Wir untersuchten und adaptierten ausgewählte Methoden wie den morphologischen Kasten des Astrophysikers Fritz Zwicky, auf dessen Grundlage Gerstner seinen ‹Entwurfsautomaten›5 entwickelte, oder auch künstlerische Entwurfsprozesse von Lohse und Molnar. Besonders interessierte uns der flexible Raster, den Gerstner für das Magazin ‹Capital› entwickelt hatte: In seiner Analogie zu einem sich selbst regulierenden System verweist er auf die Anfänge der Kybernetik und nimmt gleichzeitig unsere heutigen ‹responsiven› Medien vorweg.
 
Mit unseren Untersuchungen und Experimenten haben wir eine Brücke zwischen den Anfängen der Computerisierung und unseren aktuellen Möglichkeiten und Fragestellungen geschlagen. Damit haben wir unter dem Titel ‹Weltentwerfen› nicht nur schöne Muster entworfen, sondern wir haben uns auch die methodische wie politische Dimension des Grafikdesigns erschlossen.
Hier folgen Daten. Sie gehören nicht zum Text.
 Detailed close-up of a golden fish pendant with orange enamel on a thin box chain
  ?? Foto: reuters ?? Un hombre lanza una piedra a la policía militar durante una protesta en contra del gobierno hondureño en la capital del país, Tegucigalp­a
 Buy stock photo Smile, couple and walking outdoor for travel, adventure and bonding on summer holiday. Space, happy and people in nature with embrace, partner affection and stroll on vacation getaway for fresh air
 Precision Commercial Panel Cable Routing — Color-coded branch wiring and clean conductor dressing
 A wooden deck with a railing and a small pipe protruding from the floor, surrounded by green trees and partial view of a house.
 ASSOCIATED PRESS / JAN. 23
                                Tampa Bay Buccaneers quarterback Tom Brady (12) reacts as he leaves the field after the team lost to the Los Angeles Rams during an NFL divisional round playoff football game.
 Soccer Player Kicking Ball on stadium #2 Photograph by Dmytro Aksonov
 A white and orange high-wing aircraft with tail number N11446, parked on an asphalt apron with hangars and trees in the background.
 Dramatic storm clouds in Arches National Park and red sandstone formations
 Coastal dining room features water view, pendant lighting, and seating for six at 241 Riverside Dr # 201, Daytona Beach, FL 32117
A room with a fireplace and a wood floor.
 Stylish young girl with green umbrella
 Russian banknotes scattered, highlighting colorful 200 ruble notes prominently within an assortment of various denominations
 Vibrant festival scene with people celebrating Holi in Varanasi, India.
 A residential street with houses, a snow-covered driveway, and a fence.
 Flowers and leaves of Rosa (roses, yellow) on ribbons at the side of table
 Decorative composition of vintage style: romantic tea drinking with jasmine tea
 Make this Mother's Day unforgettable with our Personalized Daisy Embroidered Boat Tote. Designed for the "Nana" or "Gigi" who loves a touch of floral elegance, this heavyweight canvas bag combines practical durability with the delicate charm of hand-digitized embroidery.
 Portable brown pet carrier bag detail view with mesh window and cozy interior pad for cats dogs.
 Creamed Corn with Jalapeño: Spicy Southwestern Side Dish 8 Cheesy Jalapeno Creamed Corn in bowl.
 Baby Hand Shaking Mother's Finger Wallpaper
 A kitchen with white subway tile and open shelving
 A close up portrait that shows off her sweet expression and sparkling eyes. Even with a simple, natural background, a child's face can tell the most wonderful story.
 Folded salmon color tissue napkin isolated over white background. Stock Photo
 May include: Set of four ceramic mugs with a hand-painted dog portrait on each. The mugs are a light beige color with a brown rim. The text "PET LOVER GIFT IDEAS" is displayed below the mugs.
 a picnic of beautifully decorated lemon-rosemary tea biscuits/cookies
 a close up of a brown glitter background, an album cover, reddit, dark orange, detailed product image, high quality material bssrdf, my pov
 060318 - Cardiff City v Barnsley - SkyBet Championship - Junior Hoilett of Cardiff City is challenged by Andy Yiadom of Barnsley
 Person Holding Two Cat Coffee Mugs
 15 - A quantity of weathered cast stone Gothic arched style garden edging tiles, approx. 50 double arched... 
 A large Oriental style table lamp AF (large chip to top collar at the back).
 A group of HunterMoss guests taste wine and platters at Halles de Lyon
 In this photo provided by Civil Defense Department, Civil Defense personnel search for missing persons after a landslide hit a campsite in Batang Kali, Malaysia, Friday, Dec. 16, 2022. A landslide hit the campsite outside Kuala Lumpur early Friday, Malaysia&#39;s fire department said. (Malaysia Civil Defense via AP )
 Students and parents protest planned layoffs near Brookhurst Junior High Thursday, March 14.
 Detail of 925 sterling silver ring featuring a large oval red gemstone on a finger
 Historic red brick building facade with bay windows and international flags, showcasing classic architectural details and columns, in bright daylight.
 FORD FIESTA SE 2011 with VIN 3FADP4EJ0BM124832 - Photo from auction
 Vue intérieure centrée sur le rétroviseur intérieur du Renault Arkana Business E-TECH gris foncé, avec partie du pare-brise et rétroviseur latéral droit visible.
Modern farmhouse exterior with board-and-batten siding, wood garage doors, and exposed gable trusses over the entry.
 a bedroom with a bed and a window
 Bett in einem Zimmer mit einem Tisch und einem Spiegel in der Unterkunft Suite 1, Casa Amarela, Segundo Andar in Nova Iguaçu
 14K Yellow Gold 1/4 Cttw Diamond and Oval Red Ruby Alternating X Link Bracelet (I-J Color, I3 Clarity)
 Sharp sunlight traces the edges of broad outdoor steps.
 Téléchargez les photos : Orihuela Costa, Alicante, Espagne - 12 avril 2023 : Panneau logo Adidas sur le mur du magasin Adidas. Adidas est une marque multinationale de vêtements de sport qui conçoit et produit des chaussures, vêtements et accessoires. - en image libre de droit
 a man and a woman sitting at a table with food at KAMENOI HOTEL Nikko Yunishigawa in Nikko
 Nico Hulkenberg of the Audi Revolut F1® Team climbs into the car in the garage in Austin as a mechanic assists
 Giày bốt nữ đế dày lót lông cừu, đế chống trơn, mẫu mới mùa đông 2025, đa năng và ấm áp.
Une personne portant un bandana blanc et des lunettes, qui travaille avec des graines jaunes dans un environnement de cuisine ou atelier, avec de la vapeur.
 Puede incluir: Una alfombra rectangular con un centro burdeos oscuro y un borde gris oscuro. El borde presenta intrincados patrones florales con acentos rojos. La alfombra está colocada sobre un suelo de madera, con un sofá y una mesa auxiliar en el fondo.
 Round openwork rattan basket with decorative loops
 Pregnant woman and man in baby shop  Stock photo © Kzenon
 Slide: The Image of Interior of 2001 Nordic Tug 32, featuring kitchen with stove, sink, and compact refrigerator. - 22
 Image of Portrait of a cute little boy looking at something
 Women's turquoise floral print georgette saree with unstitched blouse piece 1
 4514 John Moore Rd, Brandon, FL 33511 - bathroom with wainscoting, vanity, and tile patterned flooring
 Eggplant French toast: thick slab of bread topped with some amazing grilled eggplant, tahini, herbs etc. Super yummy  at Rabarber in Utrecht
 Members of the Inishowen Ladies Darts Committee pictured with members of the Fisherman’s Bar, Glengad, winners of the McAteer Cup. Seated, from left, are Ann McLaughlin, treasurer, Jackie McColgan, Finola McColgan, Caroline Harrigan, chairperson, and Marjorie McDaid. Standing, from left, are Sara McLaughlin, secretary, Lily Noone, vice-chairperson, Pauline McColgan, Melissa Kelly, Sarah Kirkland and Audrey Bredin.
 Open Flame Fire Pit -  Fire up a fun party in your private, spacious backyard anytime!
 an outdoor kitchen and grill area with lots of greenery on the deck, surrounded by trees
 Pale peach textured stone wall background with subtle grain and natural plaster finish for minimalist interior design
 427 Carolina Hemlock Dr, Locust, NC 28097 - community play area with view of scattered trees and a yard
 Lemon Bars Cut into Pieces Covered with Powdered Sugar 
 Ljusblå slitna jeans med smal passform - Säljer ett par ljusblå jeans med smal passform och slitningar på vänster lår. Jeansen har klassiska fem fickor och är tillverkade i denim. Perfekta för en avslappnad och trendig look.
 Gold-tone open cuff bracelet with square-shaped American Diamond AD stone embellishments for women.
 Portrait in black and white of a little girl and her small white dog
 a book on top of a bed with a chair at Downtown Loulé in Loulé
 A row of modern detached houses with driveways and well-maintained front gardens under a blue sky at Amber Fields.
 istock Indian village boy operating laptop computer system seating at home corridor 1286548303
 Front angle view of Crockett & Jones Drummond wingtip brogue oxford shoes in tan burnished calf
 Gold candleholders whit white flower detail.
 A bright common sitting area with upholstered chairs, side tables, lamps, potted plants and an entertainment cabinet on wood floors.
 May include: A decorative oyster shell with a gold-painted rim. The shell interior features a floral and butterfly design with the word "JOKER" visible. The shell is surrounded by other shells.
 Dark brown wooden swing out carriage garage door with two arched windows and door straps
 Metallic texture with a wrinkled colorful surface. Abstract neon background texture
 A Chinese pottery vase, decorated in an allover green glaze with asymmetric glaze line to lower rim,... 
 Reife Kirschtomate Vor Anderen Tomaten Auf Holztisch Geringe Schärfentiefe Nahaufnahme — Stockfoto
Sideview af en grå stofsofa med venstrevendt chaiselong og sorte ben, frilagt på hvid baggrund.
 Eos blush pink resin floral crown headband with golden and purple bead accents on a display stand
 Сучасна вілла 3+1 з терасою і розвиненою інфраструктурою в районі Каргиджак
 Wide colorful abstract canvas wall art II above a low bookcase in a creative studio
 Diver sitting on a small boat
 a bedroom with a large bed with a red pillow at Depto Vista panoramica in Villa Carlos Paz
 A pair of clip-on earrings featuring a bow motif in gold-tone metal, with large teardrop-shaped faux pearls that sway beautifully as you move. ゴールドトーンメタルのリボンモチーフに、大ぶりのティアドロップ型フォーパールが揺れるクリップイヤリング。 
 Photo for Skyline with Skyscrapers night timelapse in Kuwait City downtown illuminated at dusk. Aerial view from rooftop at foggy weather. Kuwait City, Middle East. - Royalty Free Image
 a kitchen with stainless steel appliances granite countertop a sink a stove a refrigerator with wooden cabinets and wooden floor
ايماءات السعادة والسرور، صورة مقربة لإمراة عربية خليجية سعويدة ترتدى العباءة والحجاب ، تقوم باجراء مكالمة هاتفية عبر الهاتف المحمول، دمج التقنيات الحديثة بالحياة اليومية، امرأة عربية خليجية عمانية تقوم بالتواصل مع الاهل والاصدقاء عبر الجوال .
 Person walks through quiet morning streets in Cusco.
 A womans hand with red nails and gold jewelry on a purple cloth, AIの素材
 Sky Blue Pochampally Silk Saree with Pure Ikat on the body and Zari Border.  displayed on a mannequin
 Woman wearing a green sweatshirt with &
  1. Buckminster Fuller, Richard: Bedienungsanleitung für das Raumschiff Erde, Hamburg 2010, S. 158
  2. Mareis, Claudia: Entwerfen mit System, Hamburg 2020, S. 6
  3. Mareis, Claudia: Theorien das Designs zur Einführung, Hamburg 2014, S. 6
  4. vgl. Laukenmann, Joachim: Er wollte das Sonnensystem verschieben, https://www.tagesanzeiger.ch/wissen/technik/das-vergessene-schweizer-genie/story/28593233 (21. 2.2021)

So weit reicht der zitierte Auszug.